Correspondance de Gustave Flaubert/Tome 4/0499

Louis Conard (Volume 4p. 129-130).

499. À LOUIS BOUILHET.
Croisset, 5 octobre [1856].
Mon cher Vieux,

Donne-moi un conseil, et tout de suite. J’ai reçu, ce matin, une lettre de Frédéric Baudry, qui me prie, dans les termes les plus convenables, de changer dans la Bovary le Journal de Rouen en : Le progressif de Rouen, ou tel autre titre pareil. Ce bougre-là est un bavard, il a conté la chose au père Sénard et à ces messieurs du journal eux-mêmes.

Mon premier mouvement a été de l’envoyer promener ; d’autre part, la susdite feuille a fait hier, pour la Bovary, une réclame très obligeante. Mais c’est si beau, le « Journal de Rouen » dans la Bovary ! Après ça, c’est moins beau à Paris et le Progressif fera peut-être autant d’effet ? Je suis dévoré d’incertitude. Je ne sais que faire. Il me semble qu’en cédant je fais une couillonnade atroce. Réfléchis, ça va casser le rythme de mes pauvres phrases ! C’est grave.

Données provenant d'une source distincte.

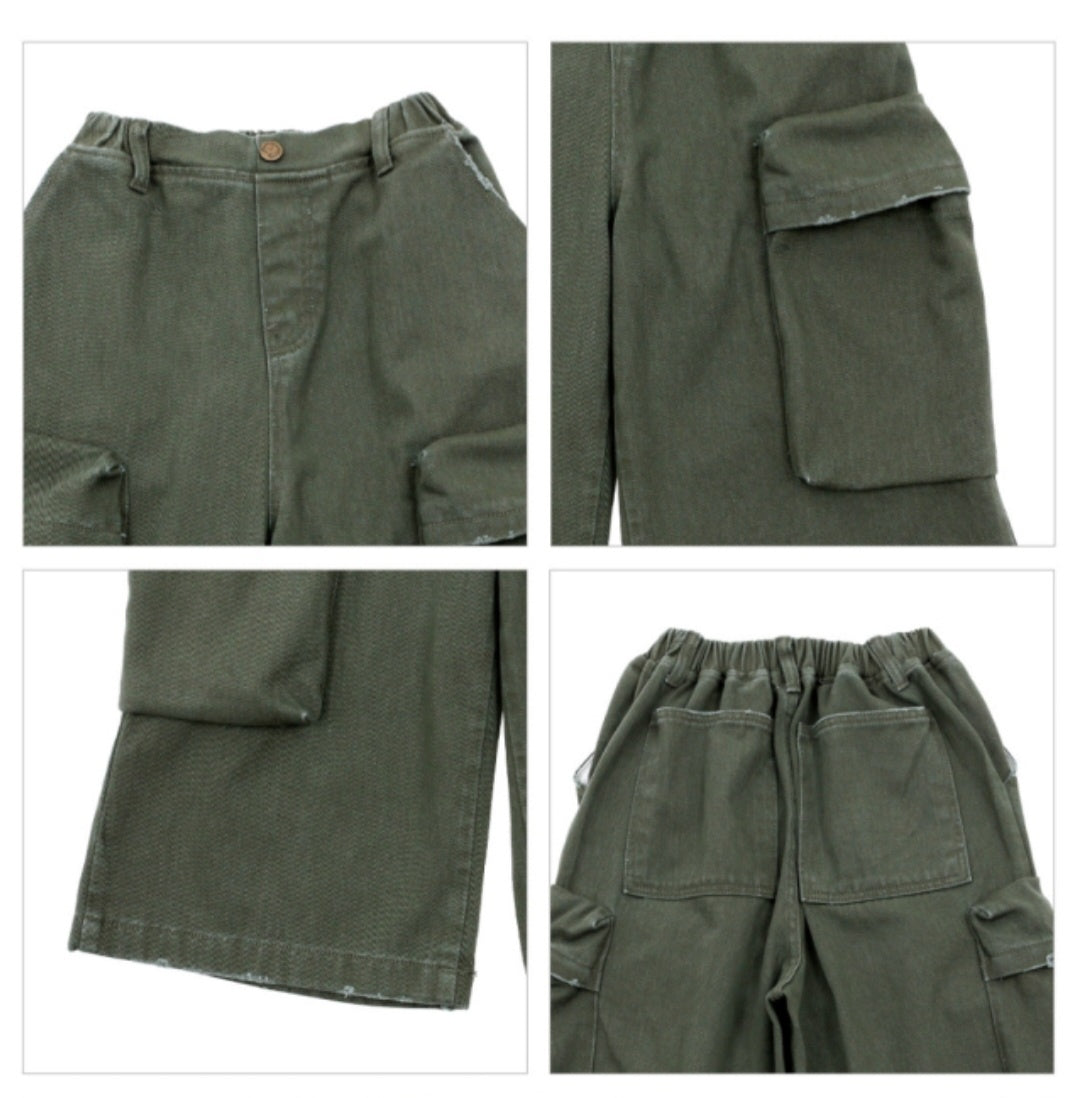 BEBEBEBE BE JUNIOR Fall Capri cargo pants (KHAKI)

Quant à moi, la vue de mon œuvre imprimée a achevé de m’abrutir. Elle m’a paru des plus plates. Je n’y vois que du noir. Ceci est textuel. Ç’a été un grand mécompte, et il faudrait que le succès fût bien étourdissant pour couvrir la voix de ma conscience qui me crie : « Raté ».

Il n’y a qu’une chose qui me console, c’est la pensée de ton succès, et puis l’espoir (mais j’en ai déjà tant eu, d’espoirs !) que Saint Antoine a maintenant un plan ; cela me semble beaucoup plus sur ses pieds que la Bovary.

Non ! s… n… de D… ! ce n’est pas pour que tu me renvoies des compliments, mais je ne suis pas gai là-dessus, ça me semble petit « et fait pour être médité dans le silence du cabinet ». Rien qui enlève et brille de loin. Je me fais l’effet d’être « fort en thème ». Ce livre indique beaucoup plus de patience que de génie, bien plus de travail que de talent. Sans compter que le style n’est déjà pas si raide ; il y a bien des phrases à recaler ; plusieurs pages sont irréprochables, je le crois, mais ça ne fait rien à l’affaire.

Songe à cette histoire du Journal de Rouen. Mets-toi à ma place. N’en dis rien à Du Camp, jusqu’à ce que nous ayons pris un parti[1] ; il serait d’avis de céder, probablement. Mets-toi au point de vue de l’absolu et de l’Art.

Tu dois rire de pitié sur mon compte, mais je suis complètement imbécile.

Adieu ; réponds-moi immédiatement.


  1. Flaubert adopta : le Fanal de Rouen. Voir Madame Bovary, p. 340, 390, 484.